> [WHAT YOU SHOULD DO]: Leave no picture in, and give every entry again exactly.

(DATA EXCERPTS begins)

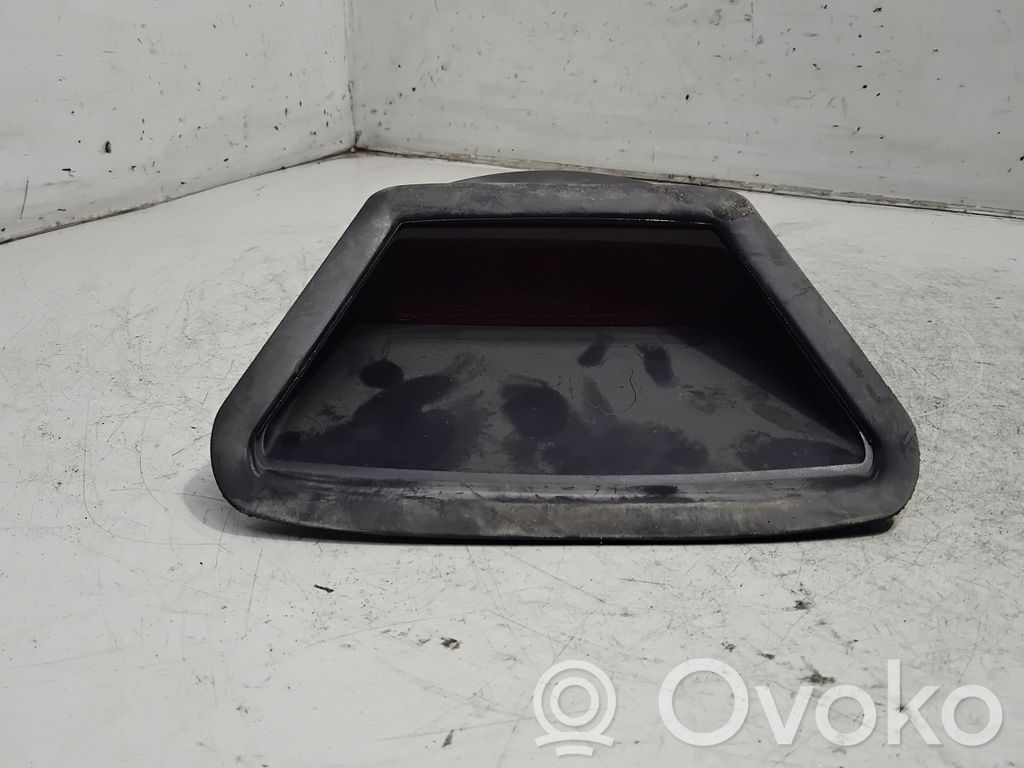 BMW 7 E38 Third/center stoplight 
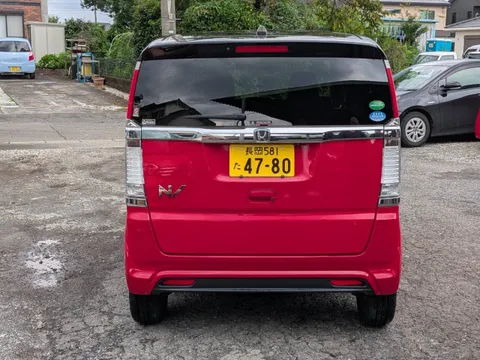 Honda N-BOX Slash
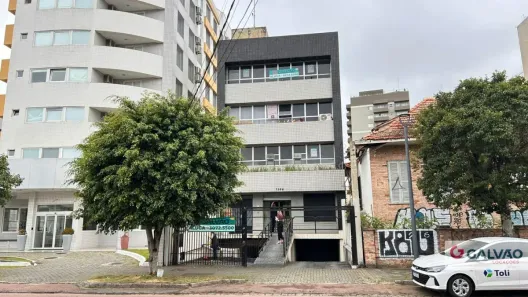 Sala Comercial para alugar, 61m² no Centro Cívico, Curitiba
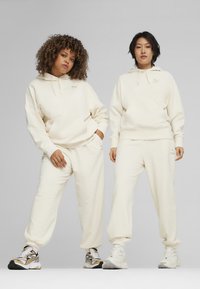 Puma BETTER - Felpa con cappuccio - white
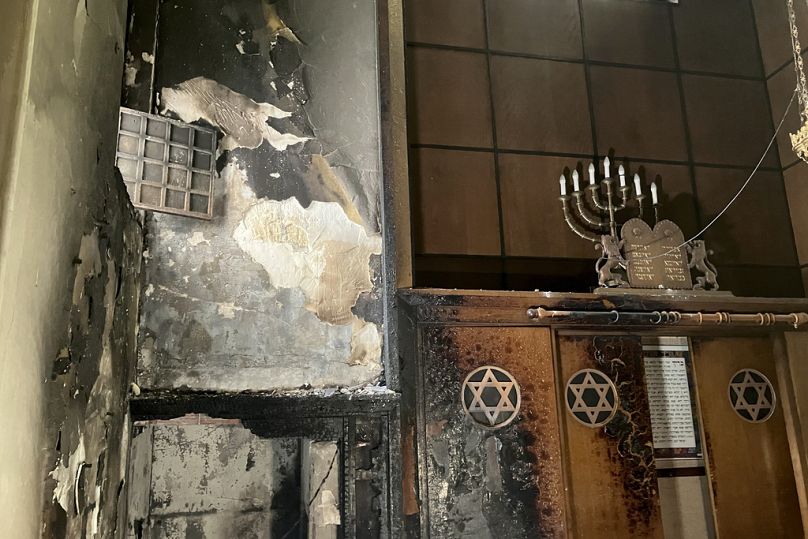 Vue de la synagogue où un homme armé d'un couteau et d'une barre métallique est soupçonné d'avoir incendié, vendredi 17 mai 2024 à Rouen, France.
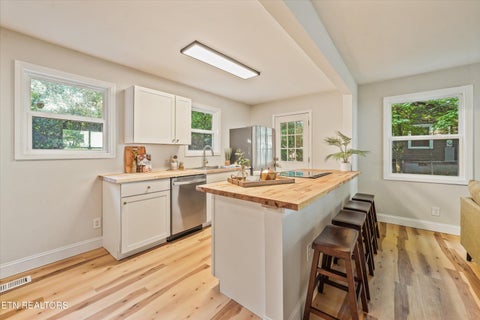 Tiny photo for 116 E Arrowwood Rd, Oak Ridge, TN 37830 (MLS # 1354831)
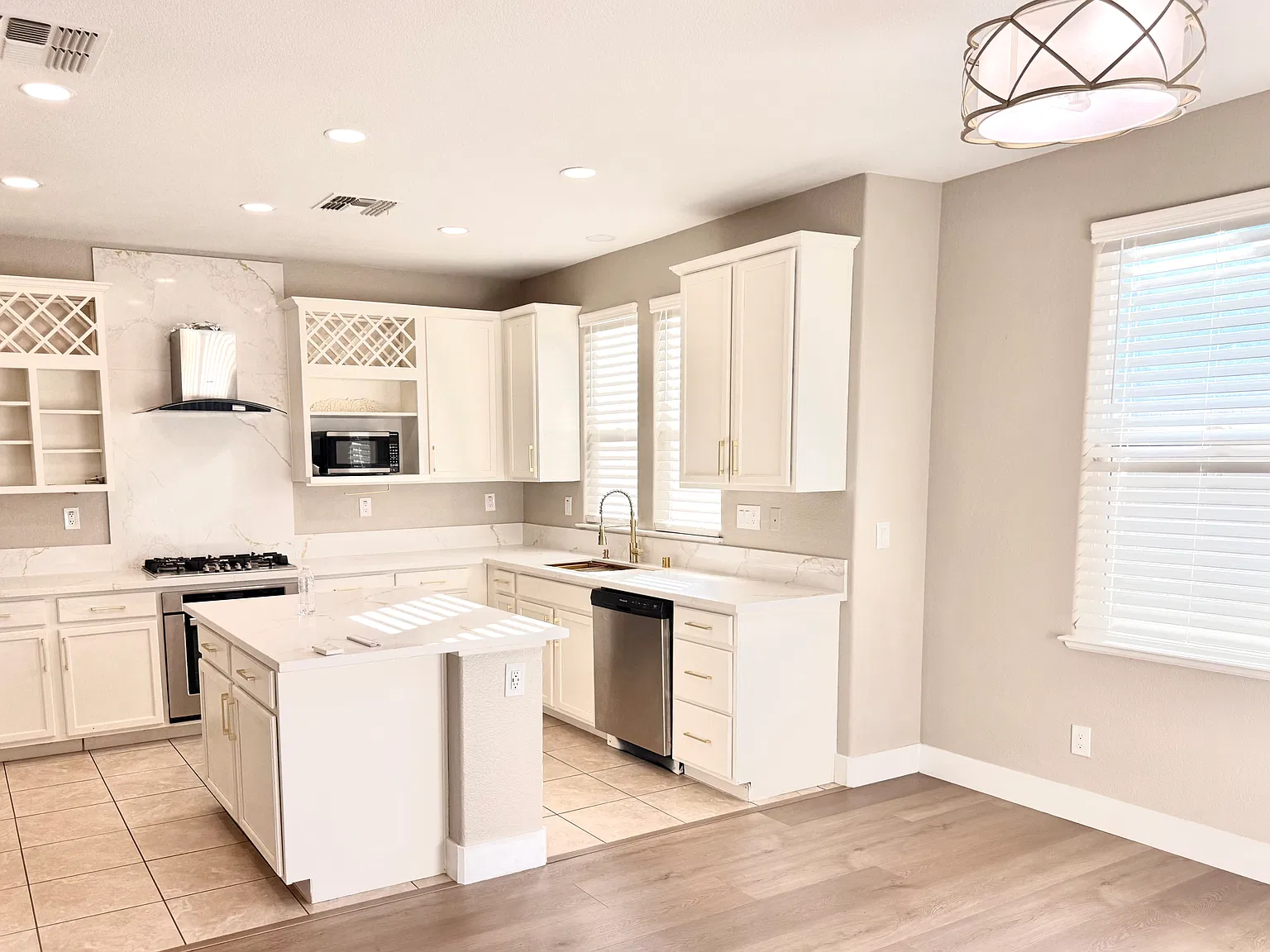 3 bed, 1665 sqft, $2,975 — Photo 2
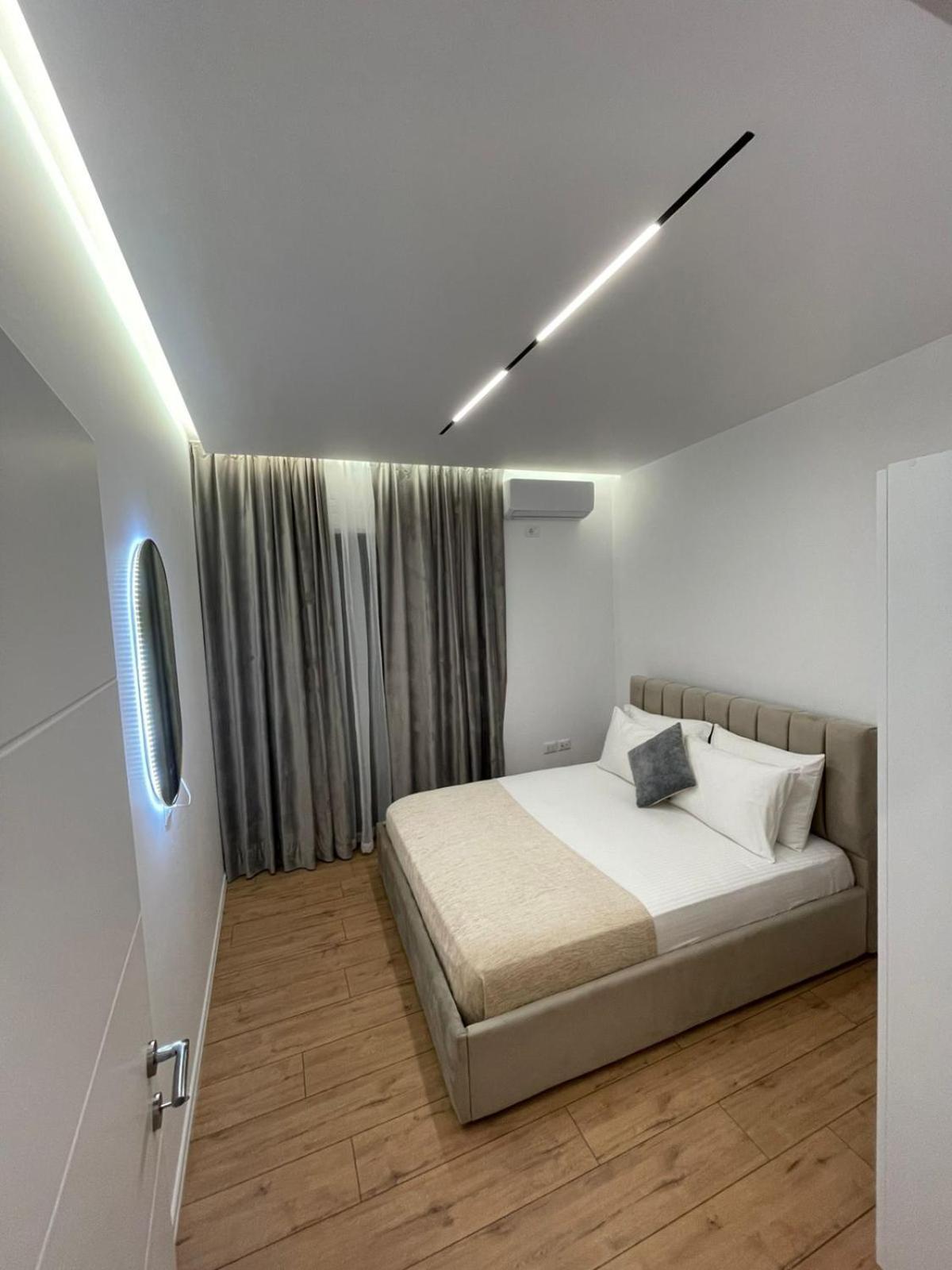 Enea 2 *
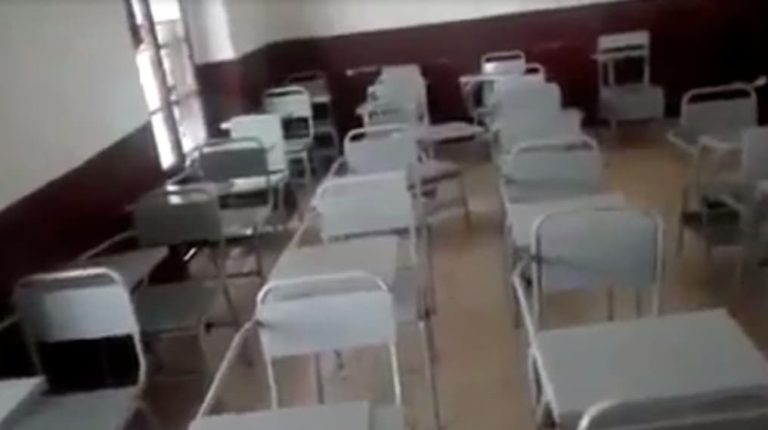 Profesor graba unas sillas que se mueven solas en una sala embrujada ¡El video es espeluznante!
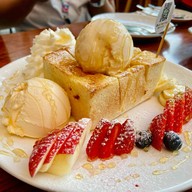 ทองหล่อ คาเฟ่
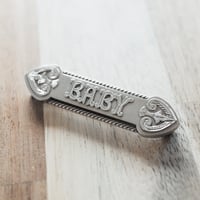 【英国製 1892年 ヴィンテージ】シルバー ブローチ ホールマーク：チェスター イギリス m149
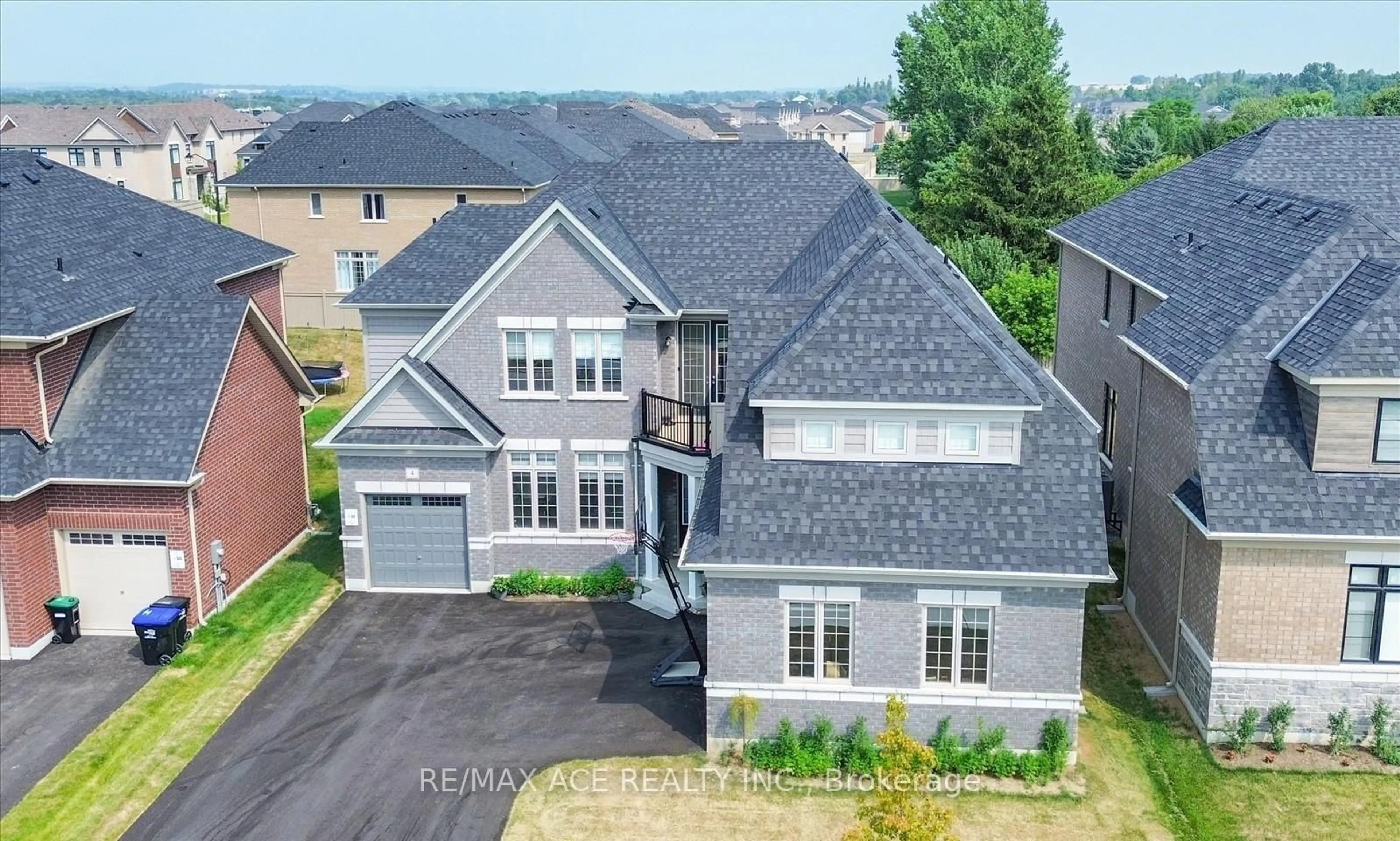 A pic from outside/outdoor area/front of a property/back of a property/a pic from drone, street for 4 Emerald Grve, Adjala-Tosorontio Ontario L0G 1W0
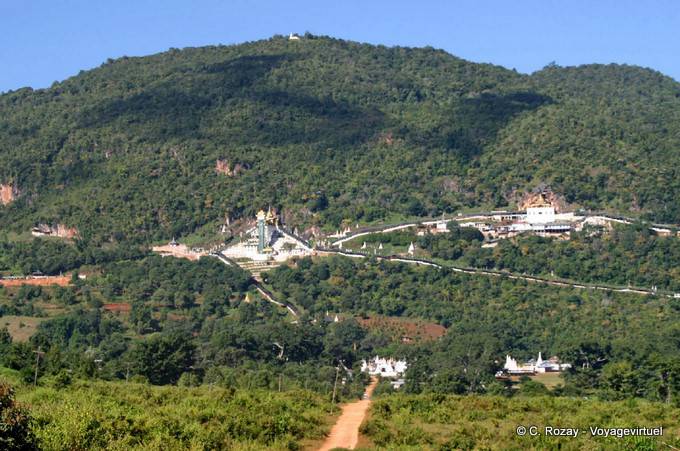 Überblick über das Gelände der Höhlen von Pindaya - Myanmar (Birma)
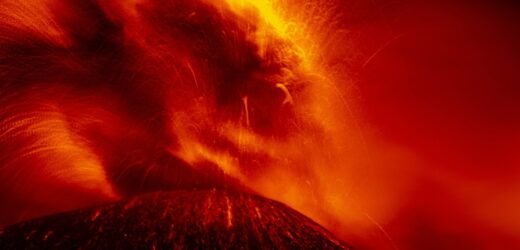 Etna się uspokoiła, znowu można latać do Katanii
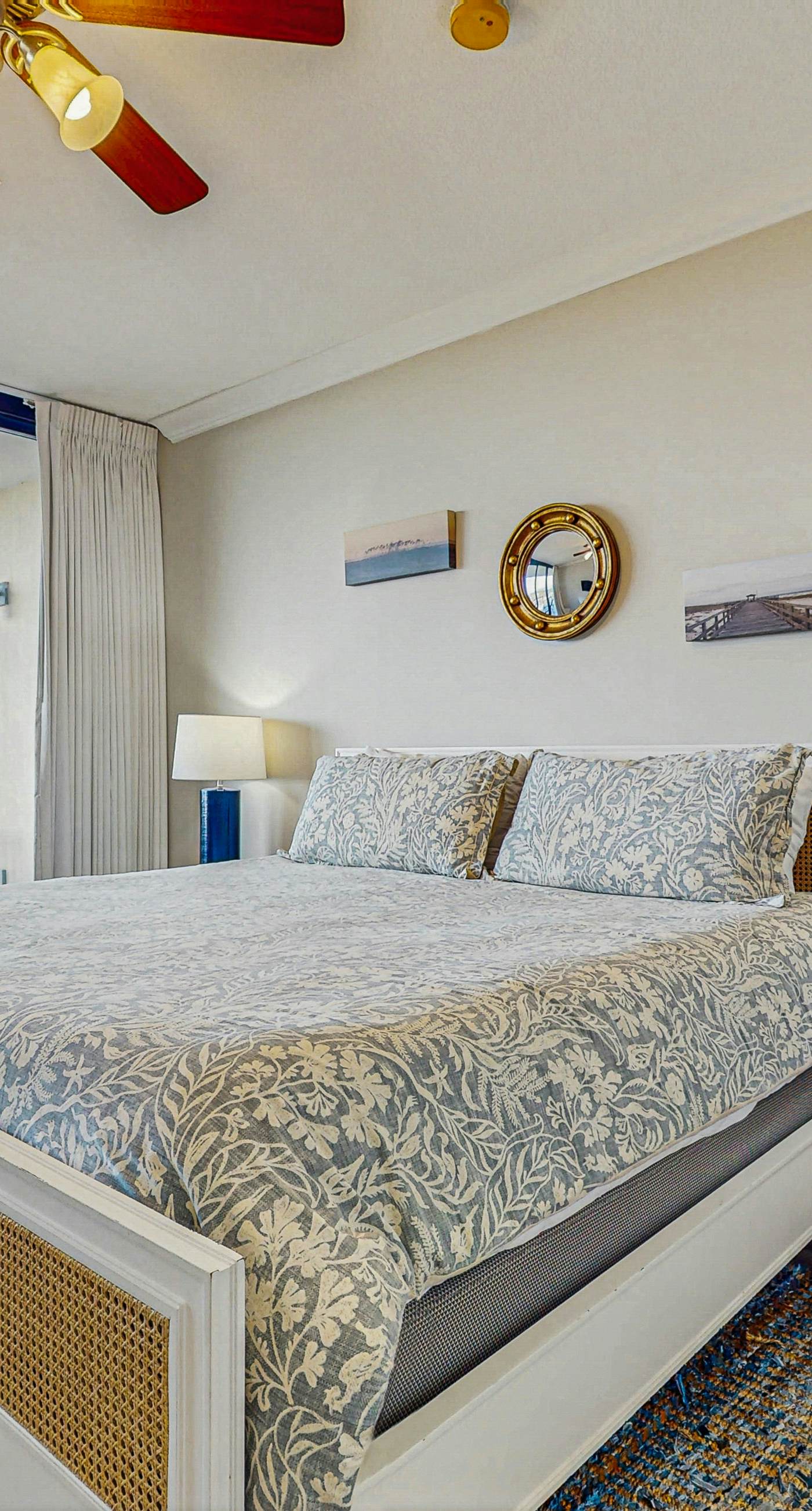 Lovely Gulf front condo w/shared sauna, hot tub, indoor pool, & stunning views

(DATA EXCERPTS ends)

> [WRITTEN SOLUTION]:
 BMW 7 E38 Third/center stoplight 
 Honda N-BOX Slash
 Sala Comercial para alugar, 61m² no Centro Cívico, Curitiba
 Puma BETTER - Felpa con cappuccio - white
 Vue de la synagogue où un homme armé d'un couteau et d'une barre métallique est soupçonné d'avoir incendié, vendredi 17 mai 2024 à Rouen, France.
 Tiny photo for 116 E Arrowwood Rd, Oak Ridge, TN 37830 (MLS # 1354831)
 3 bed, 1665 sqft, $2,975 — Photo 2
 Enea 2 *
 Profesor graba unas sillas que se mueven solas en una sala embrujada ¡El video es espeluznante!
 ทองหล่อ คาเฟ่
 【英国製 1892年 ヴィンテージ】シルバー ブローチ ホールマーク：チェスター イギリス m149
 A pic from outside/outdoor area/front of a property/back of a property/a pic from drone, street for 4 Emerald Grve, Adjala-Tosorontio Ontario L0G 1W0
 Überblick über das Gelände der Höhlen von Pindaya - Myanmar (Birma)
 Etna się uspokoiła, znowu można latać do Katanii
 Lovely Gulf front condo w/shared sauna, hot tub, indoor pool, & stunning views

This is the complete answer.